Food wastage has become an alarming issue in India and world. According to the Food and Agriculture Organization (FAO), staggering 1.3 billion tons of food is being wasted annually. The FAO report further states that one-third of the total global food production is wasted, costing the world economy about $750 billion or Rs47 lakh crore.

According to United Nations Development Program, up to 40% of the food produced in India is wasted, and we are ranked 63 among 88 countries in Global Hunger Index. We need to understand that food wastage not only lead to hunger in under privileged or pollution through emission of greenhouse gases, but also problems in economy. Not just government, even we are equally responsible for this problem. In the name of culture and traditions even we are playing a lead role in this drama, bigger the wedding or larger the party more colossal is the wastage.

A recent study conducted by Indian Institute of Management, Kolkata, revealed that only 10 percent of foods get cold storage facility in India, this factor accompanied by inappropriate supply chain management, has resulted in India becoming a significant contributor towards food wastage both at pre-and post-harvest waste in cereals, pulses, fruits and vegetables.

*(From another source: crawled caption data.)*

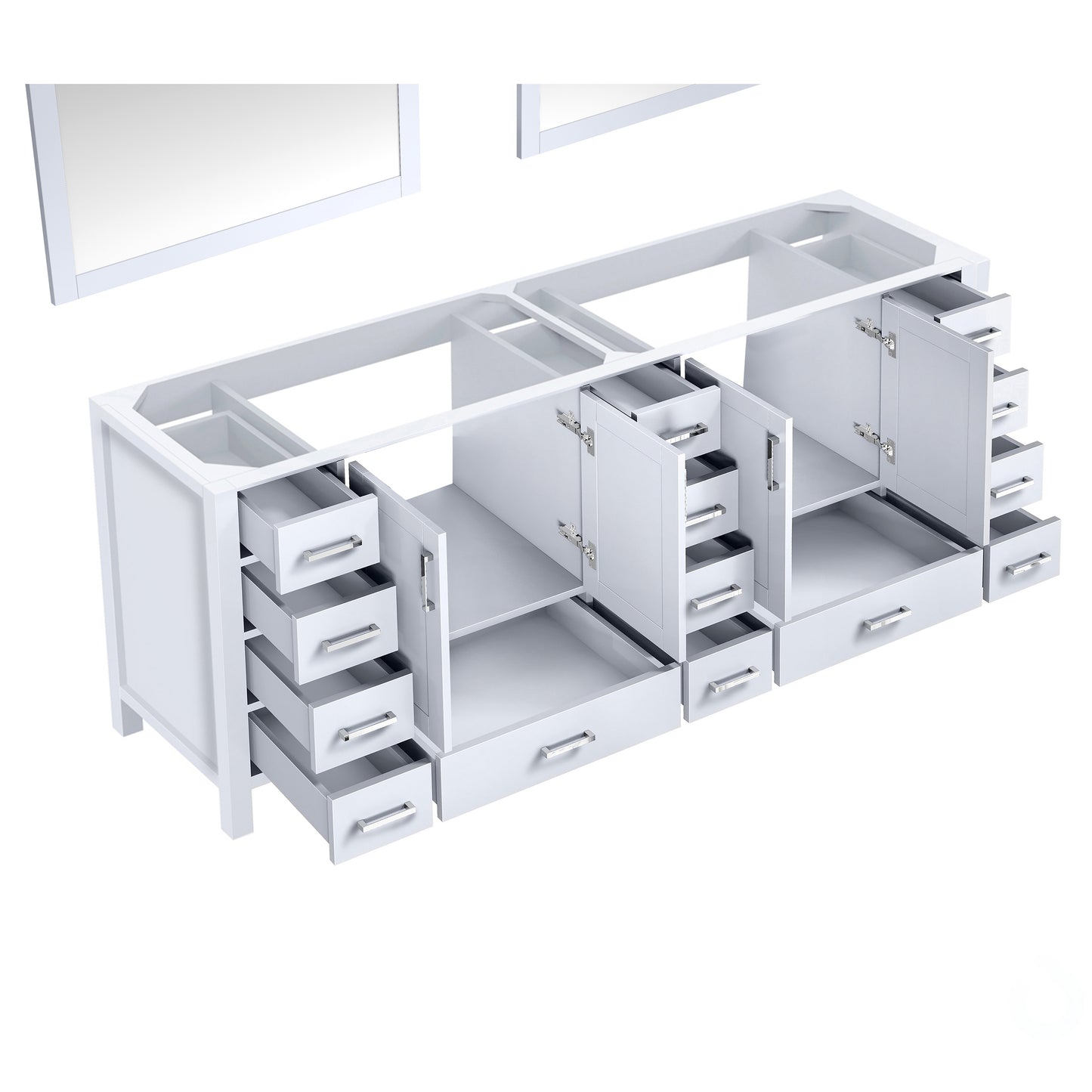 Jacques 84" White Double Vanity, no Top and 34" Mirrors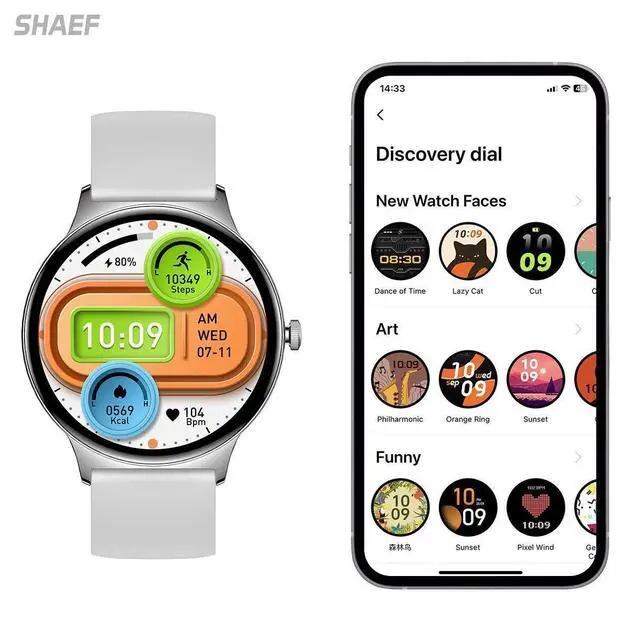 Alt view image 4 of 7 - Elegant Smart Watch for Men & Women, 1.43'' AMOLED Screen, with Blutooth Calling, Heart Rate, Sleep & SpO2 Monitor, IP68 Waterproof Fitness Trackers for Android & iOS, Free Metal Strap Included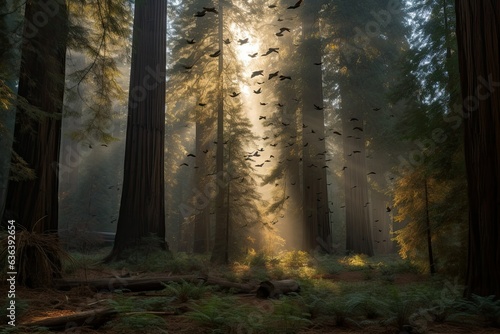 Lush forest of noble wood  birds flying  sun filtering between majestic trees.  generative IA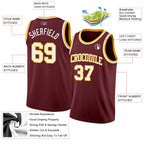 Custom Burgundy White-Gold Authentic Basketball Jersey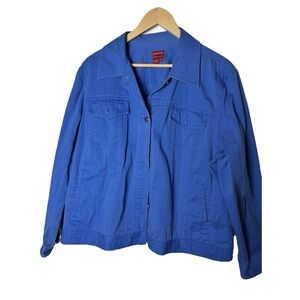 Chaps Denim Jean Jacket Women's 2XL Blue Button Flap Pockets Classic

Why is food wastage a problem? According to CSR Journal

  • 25% of fresh water used to produce food is ultimately wasted, even as millions of people still don’t have access to drinking water. When you calculate the figures in cubic kilometers, this is a bit more than an average river.
  • Even though the world produces enough food to feed twice the world’s present population, food wastage is ironically behind the billions of people who are malnourished. The number of hungry people in India has increased by 65 million more than the population of France. According to a survey by Bhook (an organization working towards reducing hunger) in 2013, 20 crore Indians sleep hungry on any given night. About 7 million children died in 2012 because of hunger/malnutrition.
  • Acres of land are deforested to grow food. Approximately 45% of India’s land is degraded primarily due to deforestation, unsustainable agricultural practices, and excessive groundwater extraction to meet the food demand.
  • 300 million barrels of oil are used to produce food that is ultimately wasted.

Food wastage cripples a country’s economy to an extent that most of us are unaware

While you may not be able to reduce food lost during production, you can certainly reduce food at your personal level of food waste. Every step towards right direction counts

Plan out your meal and make your shopping list to determine what you actually need for the week. About 20% of what we buy in urban India ends up being thrown away

Buy in quantities you can realistically use. Avoid impulse buys. It will more or less find the bin

If you cook at home, make sure you cook keeping in mind there is no excess. You can always complete your meals with a few fruits rather than keep some extra food in the refrigerator. It’s a lot better and a healthier practice too.

If you host a family get together either at home, a marriage hall or throw a party at a hotel, make sure you plan for the food to be transported to a place like an orphanage or an old age shelter.

Make finishing your plate a habit. Try to inculcate it further to as many possible.